▸ **WORK TO COMPLETE**
For this exercise, repeat exactly the lines below starting at the line holding "Villaggio isolato di" and ending at the line holding "Archie Scott Brown", both included, with no extra lines and no pictures.
=== RECORDS PROVIDED ===
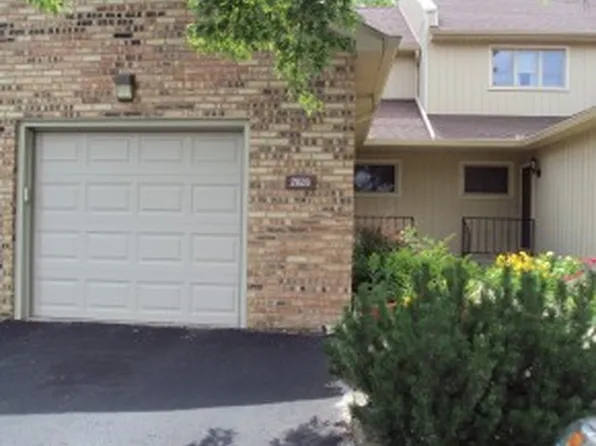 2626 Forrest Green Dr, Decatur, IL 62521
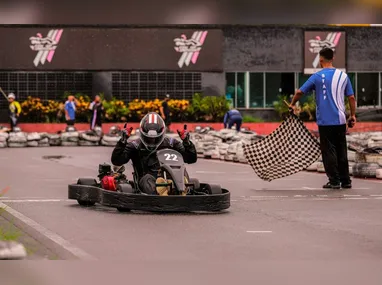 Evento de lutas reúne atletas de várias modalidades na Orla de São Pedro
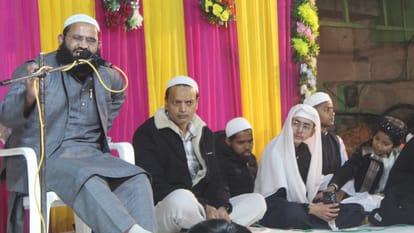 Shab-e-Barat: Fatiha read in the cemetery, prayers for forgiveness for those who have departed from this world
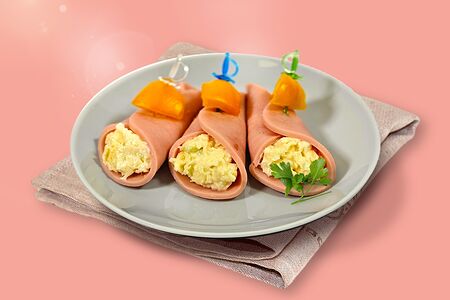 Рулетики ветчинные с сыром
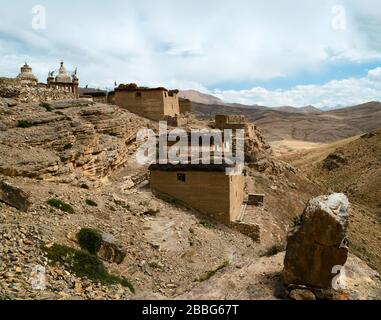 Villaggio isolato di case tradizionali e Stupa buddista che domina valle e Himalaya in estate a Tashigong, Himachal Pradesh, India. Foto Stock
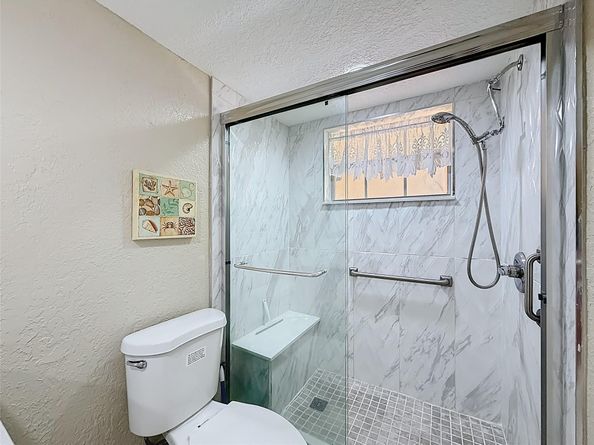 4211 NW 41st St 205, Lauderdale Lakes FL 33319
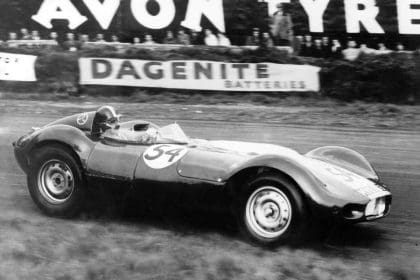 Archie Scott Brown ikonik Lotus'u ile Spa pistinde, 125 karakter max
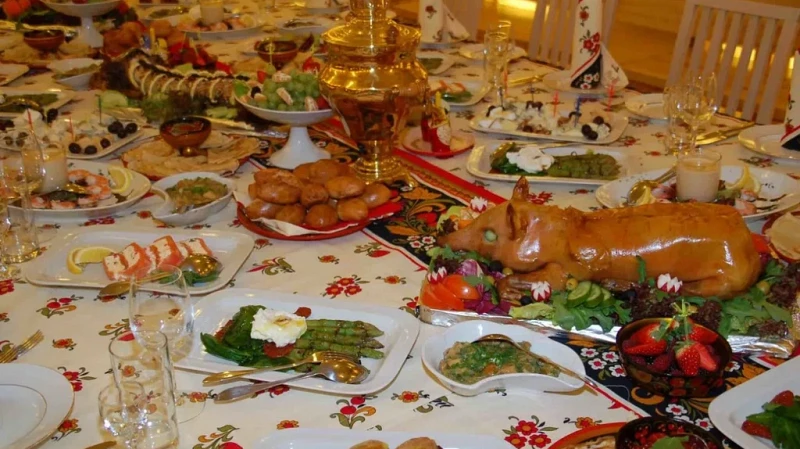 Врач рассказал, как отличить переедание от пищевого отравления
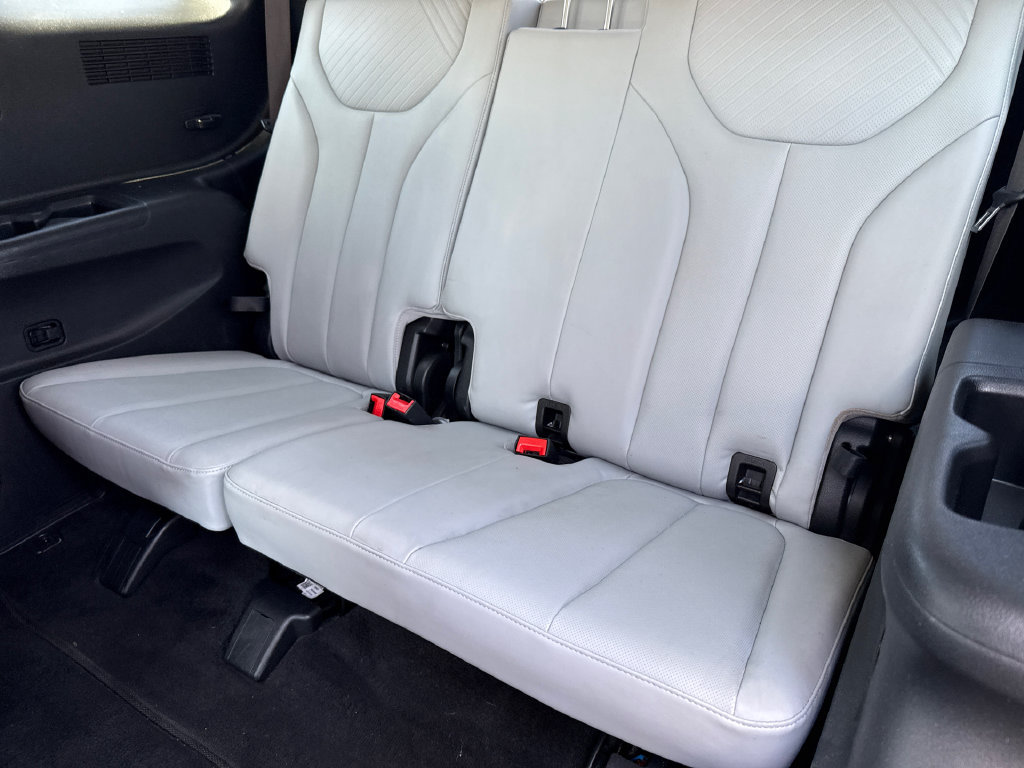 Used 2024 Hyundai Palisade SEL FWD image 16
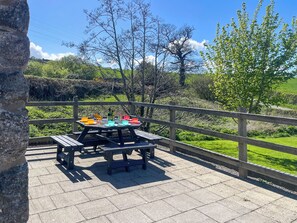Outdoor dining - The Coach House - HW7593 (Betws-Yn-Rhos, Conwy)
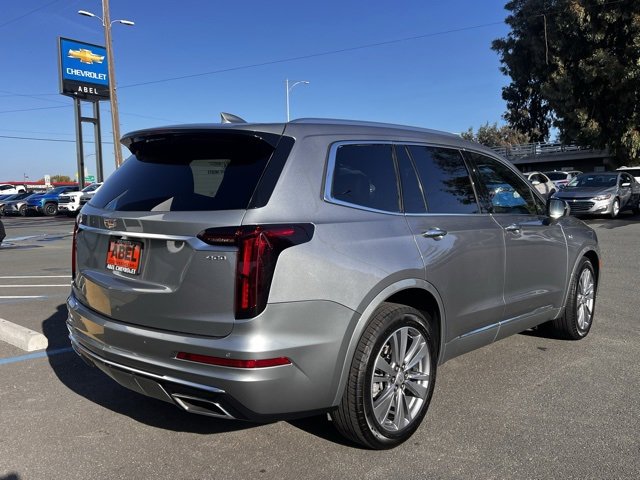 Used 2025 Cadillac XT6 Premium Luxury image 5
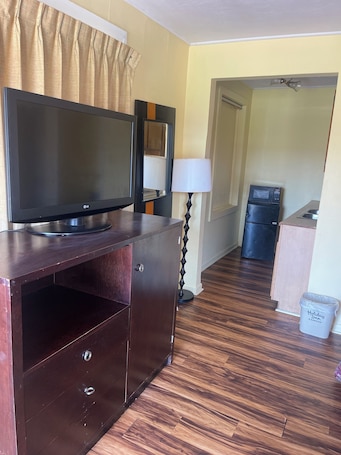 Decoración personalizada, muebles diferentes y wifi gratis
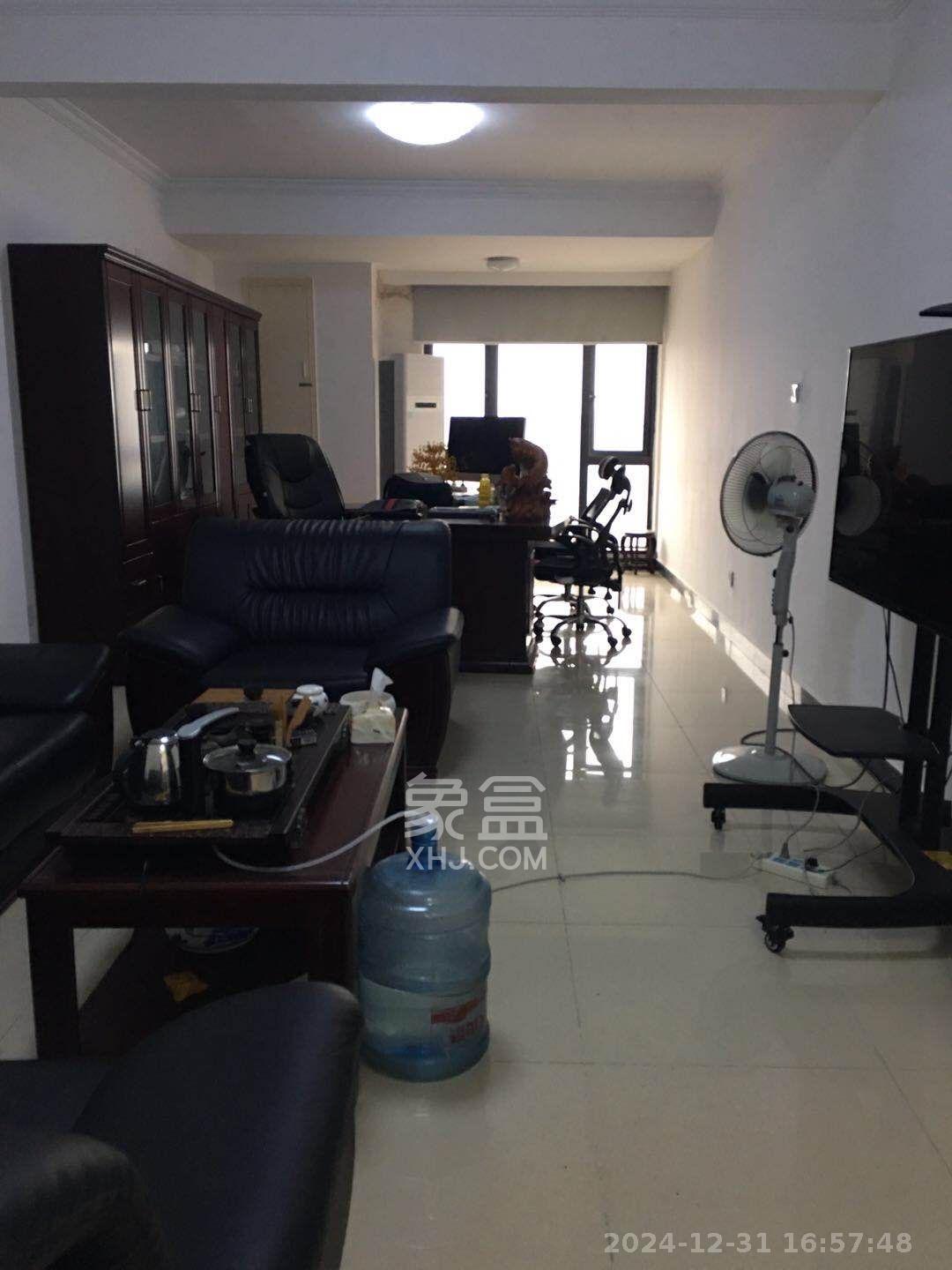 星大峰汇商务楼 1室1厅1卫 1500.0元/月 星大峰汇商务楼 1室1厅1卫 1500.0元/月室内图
===
=== RECORDS PROVIDED ===
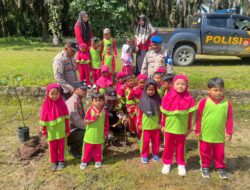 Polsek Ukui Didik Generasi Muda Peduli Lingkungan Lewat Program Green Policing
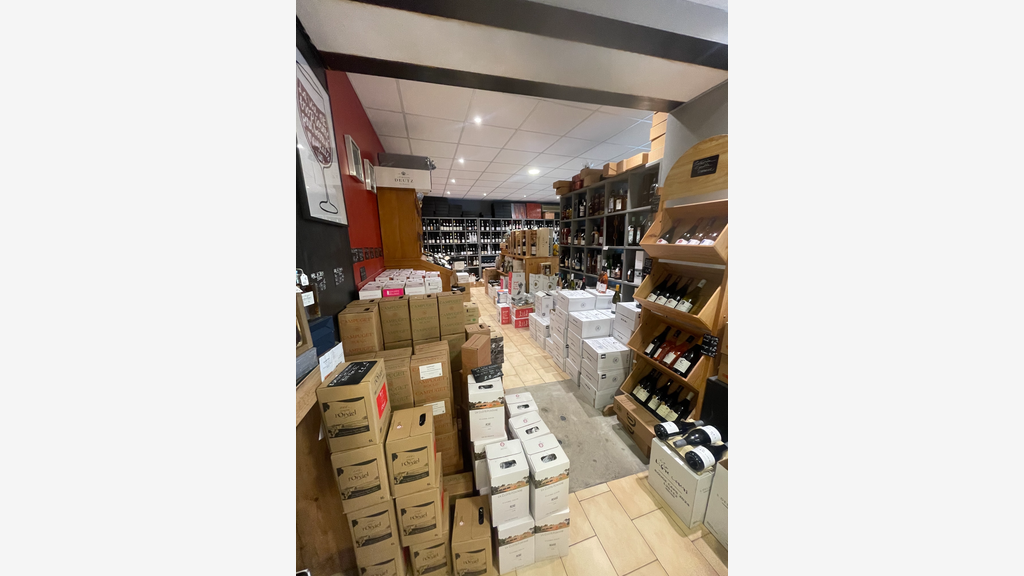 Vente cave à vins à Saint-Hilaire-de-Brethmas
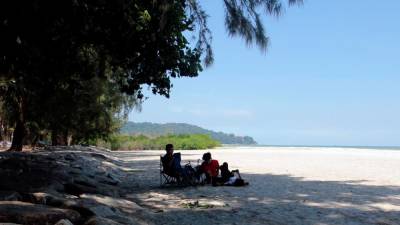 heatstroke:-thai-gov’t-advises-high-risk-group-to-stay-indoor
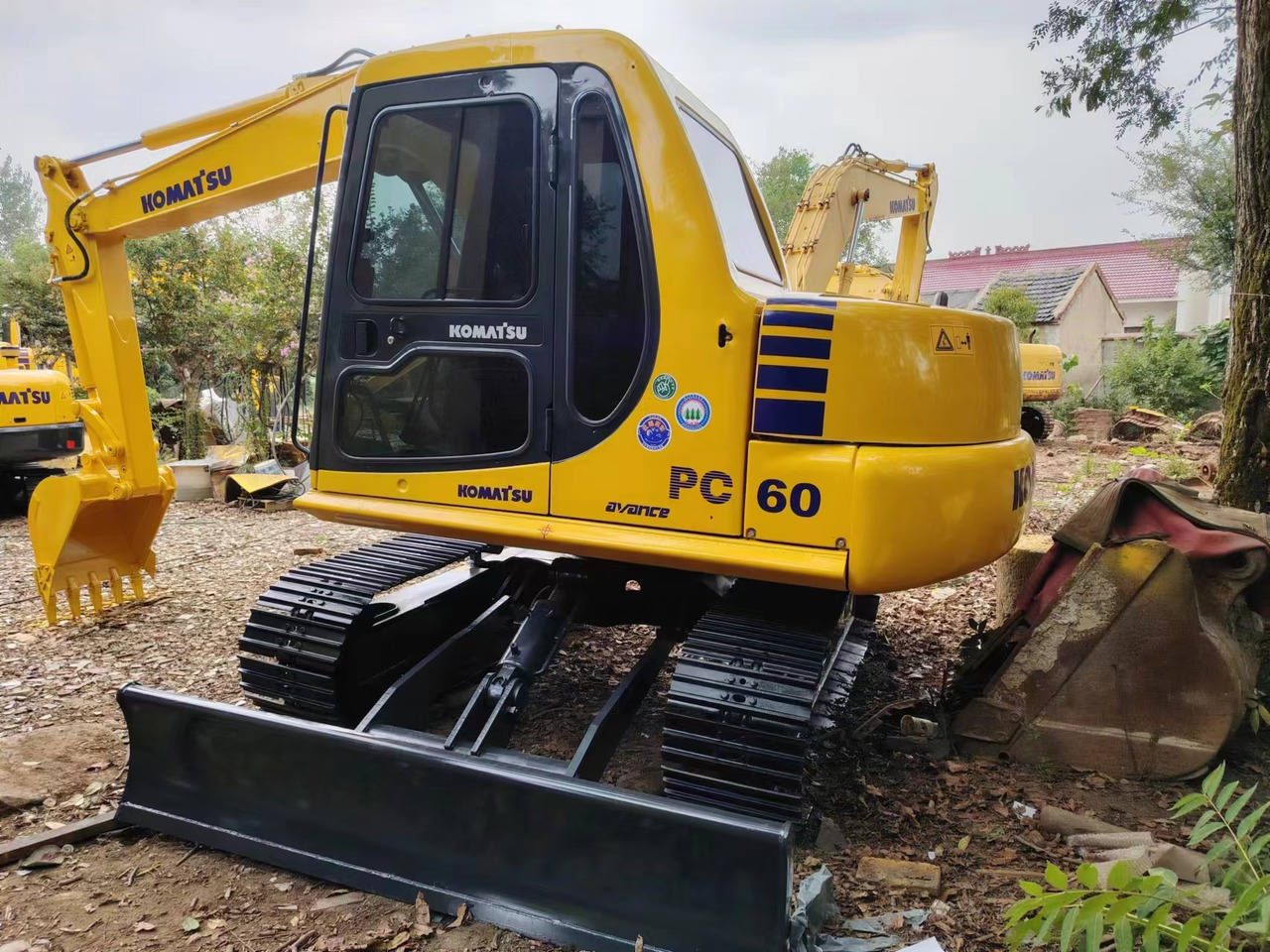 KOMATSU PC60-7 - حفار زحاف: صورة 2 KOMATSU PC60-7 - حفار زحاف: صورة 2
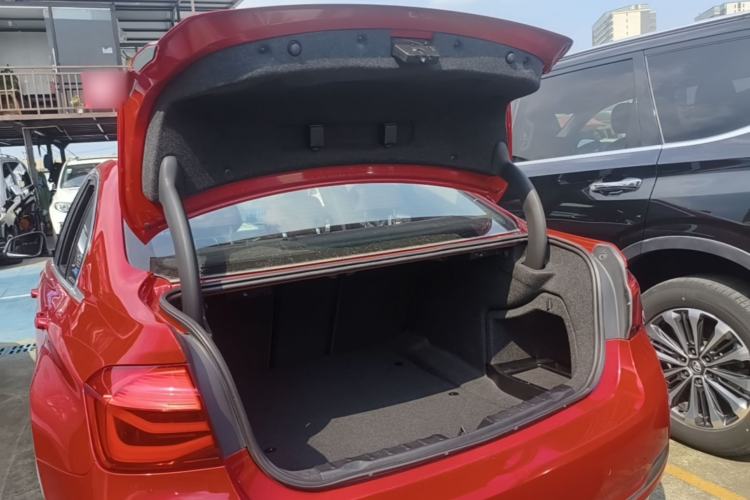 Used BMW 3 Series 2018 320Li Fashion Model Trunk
===
=== RECORDS PROVIDED ===
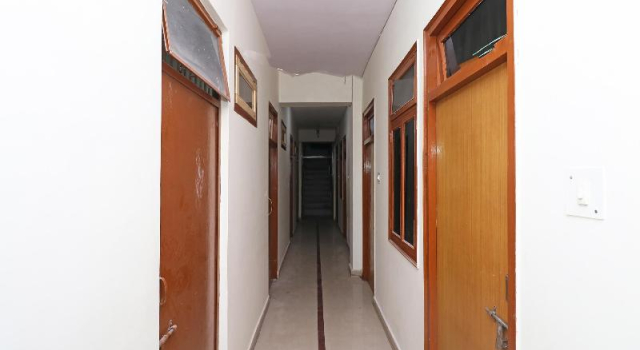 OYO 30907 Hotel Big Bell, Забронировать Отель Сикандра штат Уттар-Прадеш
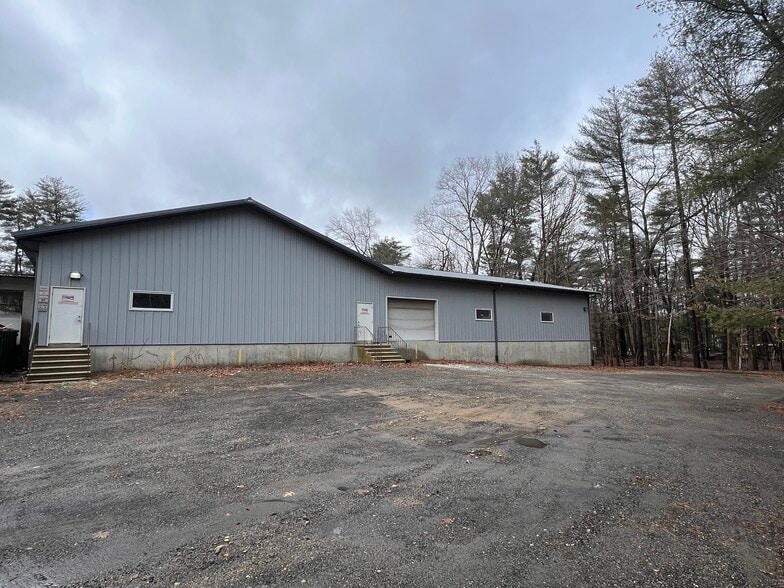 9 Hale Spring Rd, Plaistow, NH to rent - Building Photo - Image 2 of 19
===
▸ **WRITTEN ANSWER**
 Villaggio isolato di case tradizionali e Stupa buddista che domina valle e Himalaya in estate a Tashigong, Himachal Pradesh, India. Foto Stock
 4211 NW 41st St 205, Lauderdale Lakes FL 33319
 Archie Scott Brown ikonik Lotus'u ile Spa pistinde, 125 karakter max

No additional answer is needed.